Indulge me a little, I have a really compelling story.
If you had bought this unassuming 4 bedroom western Sydney home in February 2010 when it was on the market you would have paid $420,000. Thats fact.
If you had borrowed enough to cover the full purchase price, the stamp duty, legal fees and a little bit for sundries (so thats nothing out of your pocket now) and you had paid average interest rate, say 5.5% on the loan you would have paid around $24, 074 in interest, per year. (Interest rates actually dropped during this time)
If you had received $450 a week rent (the rental appraisal said $450 – $460 per week) each week, allowing for agents fees, insurance, rates and even two weeks vacant per year (pfft, as if, vacancy rates were so low there was NOTHING vacant that whole time) you would have earnt $18,490 in rent per year. (Rents went crazy during this time, we’ve assumed no growth.)
Ignoring depreciation, or any other tax benefit (deductible costs) you may have been entitled to (it was at that stage a 13 year old home).
The difference is $5583 per year, or $107 per week – and this does come out of your pocket (but read that line above again).
Fast forward to February 2015 and conservative estimates of its value according to onthehouse.com.au is: $556,600 to $626,600.
Erring on the conservative side –
$437,711 (the full price plus your costs in purchasing)
= near enough$119,000 profit, in 5 years, at the cost of $6,000 a year, tops. (read that line again too)
Allow for agents fees, allow for capital gains tax on an average income and in five years, you could have sold this home and pocketed $86,000 or near enough, at the cost of around about a hundred dollars a week – or one dinner out at a family restaurant.
How would it feel to take $86,000 straight off your own home loan?
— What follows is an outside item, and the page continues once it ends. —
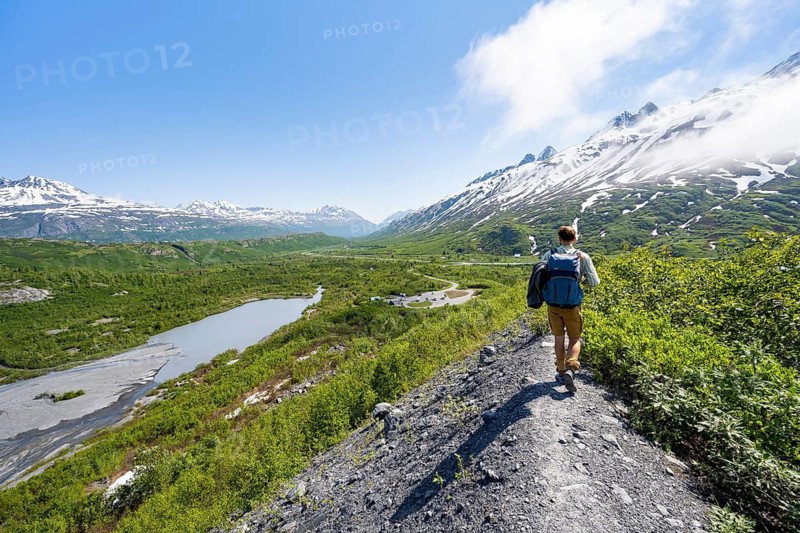 Hikers on glacial moraine, view of the vast Tsina River valley with mountains, Worthington Glacier Lagoon, Worthington Glacier State Recreational Site, Chugach Mountains, Alaska, USA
How long would you have to work to pay $86,000 off of your loan?
I actually know that a similar home in the same street just sold for closer to the higher estimate – so thats $142,000 coming off your home loan – for the average loan that is HALVING the loan immediately.
Thats why you invest in property.
(Full disclosure, I know these facts intimately because in fact this was my home: built in 1997 at a cost of $170,000 and sold in 2010 for $420,000 and I can give you any of a thousand excuses I feed myself for selling back then instead of holding onto it at any cost, but when I read these numbers there is a tear in my eye; lesson learnt. I’m also preying my husband doesn’t read this post.)